## Required work:
Beginning with the line that has "Prof. A. Matukonis" and ending with the line that has "Apple Pie Honey", retype the entries below exactly, except for the pictures.

## Extracted material:
- Opening Delimiter -
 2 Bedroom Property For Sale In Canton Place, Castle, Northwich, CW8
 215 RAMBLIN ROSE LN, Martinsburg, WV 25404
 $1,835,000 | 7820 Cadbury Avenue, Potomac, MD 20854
- Closing Delimiter -
- Opening Delimiter -
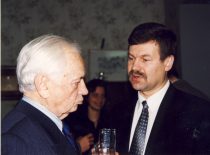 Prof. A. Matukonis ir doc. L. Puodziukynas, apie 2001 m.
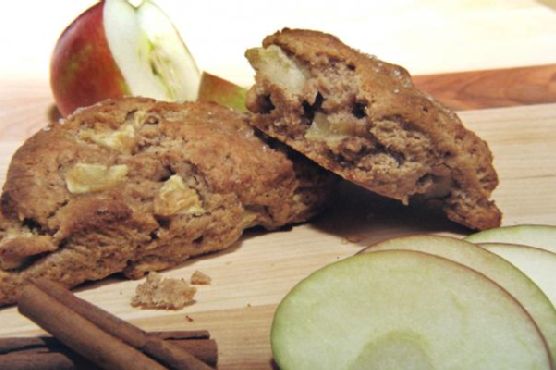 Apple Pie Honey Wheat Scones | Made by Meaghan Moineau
- Closing Delimiter -
## Expected answer:
 Prof. A. Matukonis ir doc. L. Puodziukynas, apie 2001 m.
 Apple Pie Honey Wheat Scones | Made by Meaghan Moineau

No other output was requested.